## Aim of the exercise:
Copy the data exactly as it appears, and do not include any pictures.

## Data below:
───
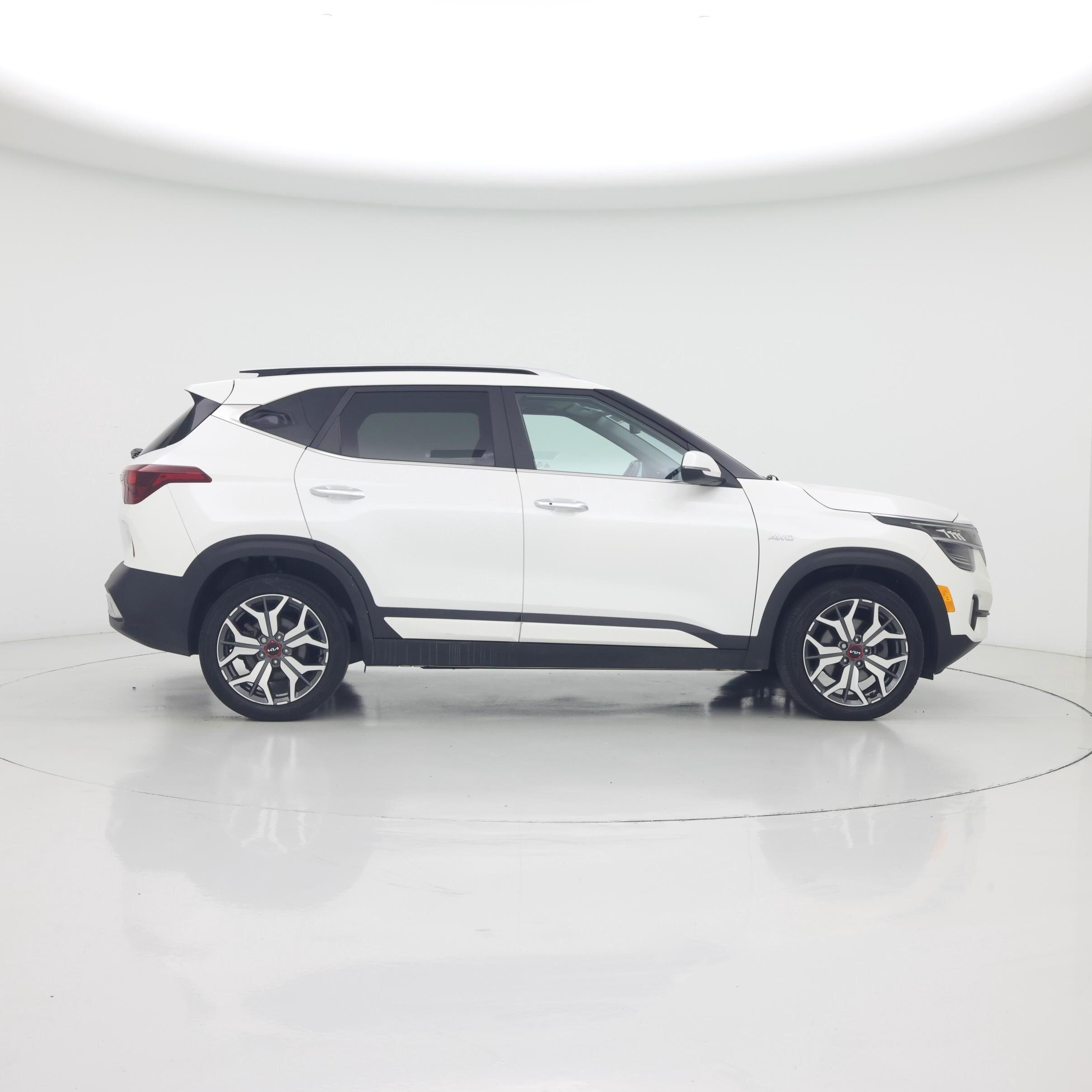 Thumbnail: 2023 Kia Seltos - 7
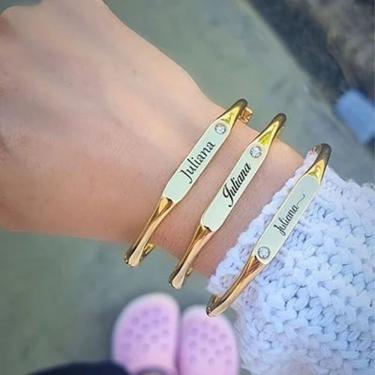 Imagem de Bracelete Tubo Personalizado Com Ponto De Luz Banhado A Ouro
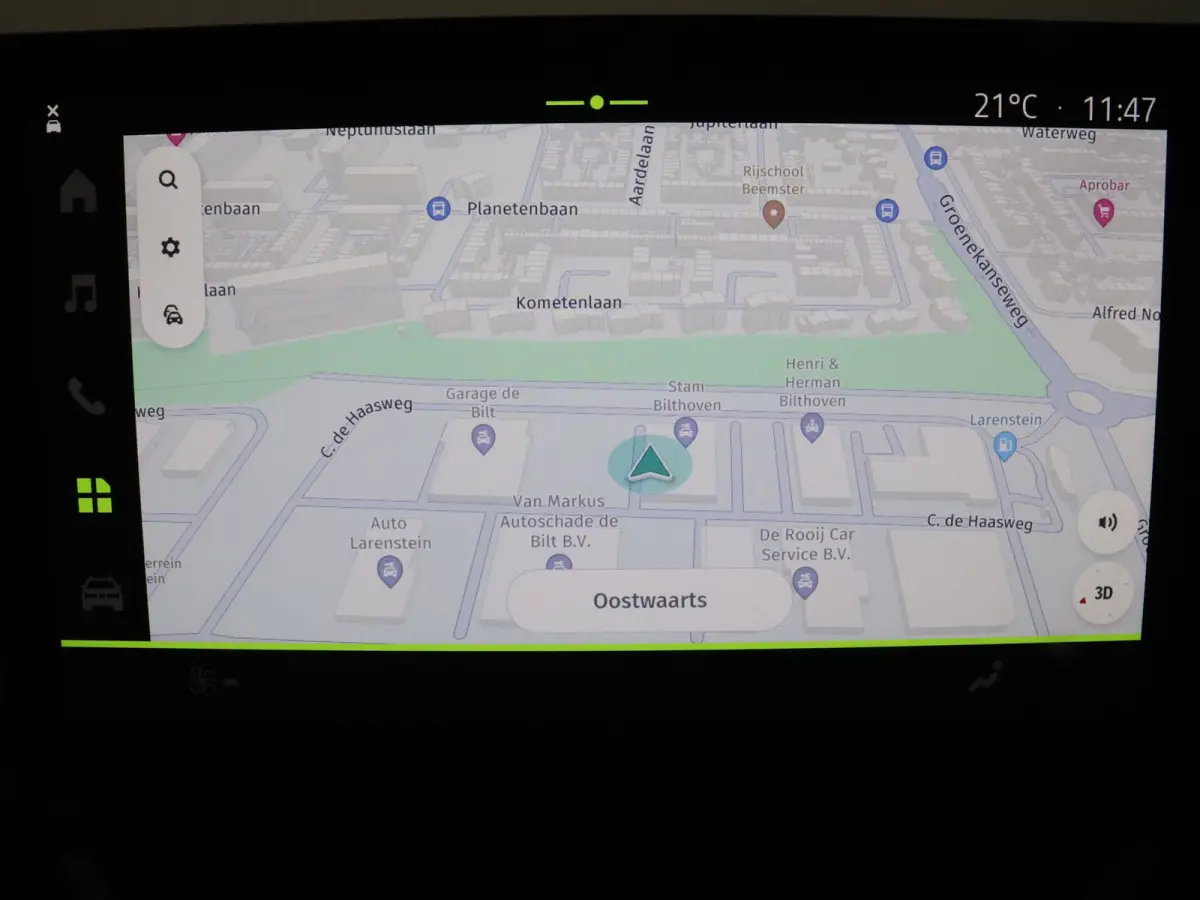 Hybrid 140pk Expression Camera | Carplay | Navi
───
## Your solution:
 Thumbnail: 2023 Kia Seltos - 7
 Imagem de Bracelete Tubo Personalizado Com Ponto De Luz Banhado A Ouro
 Hybrid 140pk Expression Camera | Carplay | Navi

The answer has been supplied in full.